Da wäre zum Beispiel jener Mythos zu nennen, der sich so zäh hält wie Kaugummi und demzufolge vor allem rechtsradikale Parteien von der eigenen Wahlabstinenz profitieren würden. Eine Unsachlichkeit unsäglicher Natur. Denn, rein rechnerisch, profitieren vielmehr diejenigen Parteien, welche die Nicht-Wähler im jeweiligen Fall nicht gewählt hätten, und zwar entsprechend ihres relativen Stimmengewichts. Das heißt: Profiteure des Wahlboykotts sind maßgeblich die großen Parteien, also dieselben Akteure, die gewinnen, wenn man wählen gehen würde.

Doch kein Mythos ohne einen anderen, der ihn ersetzen könnte: Um zu verhindern, so lautet ein weiterer Einwand aus der Community, dass die Nazis die 0,5-Prozent-Hürde überspringen könnten, das heißt um rechten Hetzern nicht auch noch qua staatlicher Parteienfinanzierung unter die Arme zu greifen (0,85 Cent pro Stimme), ist der Gang zur Urne quasi antifaschistische Bürgerpflicht. Bei genauerer Betrachtung hat sich auch hier der Fehlerteufel eingeschlichen: Denn durch das Abgeben der eigenen Stimme würden nicht die Rechten eine Stimme weniger bekommen, sondern nur eine Stimme weniger im Verhältnis zu ihrem Gesamt-Stimmenanteil: statt 100 Prozent der einen Stimme weniger (also eine ganze Stimme weniger) nur 0,5 Prozent dieser Stimme weniger, also nur eine Nullkommafünftel-Stimme weniger (angenommen die Partei hätte einen 0,5 Prozent Stimmenanteil). Nicht jede Stimme gegen rechts ist eine Stimme weniger für rechts! Außerdem: Entscheidend für das Erreichen der 0,5-Prozent-Hürde und für die Finanzierung der Rechten aus Staatstöpfen ist die Aktivierung der rechten Stammwähler, nicht das Wählen der fünf im Parlament vertretenen Parteien.

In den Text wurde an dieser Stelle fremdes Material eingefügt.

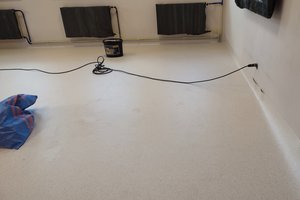 W trakcie realizacji - img_20250826_121404.jpg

Erschreckender sind hingegen die Zahlen derjenigen Wähler, die sowohl das moralische Rückgrat als auch das intellektuelle Kaliber eines Nicht-Wählers besitzen, und trotzdem zur Wahl gehen. Es sind dies Massen latenter Nicht-Wähler, die wir für unsere Anti-Wahlkampagne "50 minus X" sehr gut gebrauchen könnten, die sich aber stattdessen von den PR-Agenturen der Parteien einsäuseln lassen, sie täten mit ihrem Kreuzchen etwas gegen rechts, gegen die CDU oder zumindest was fürs Freibier auf der Wahlparty.

Scheut euch nicht davor, eure Stimme zu behalten. Bleibt fern dem Parteien-Zirkus. Wähler aller Länder, macht Schluss!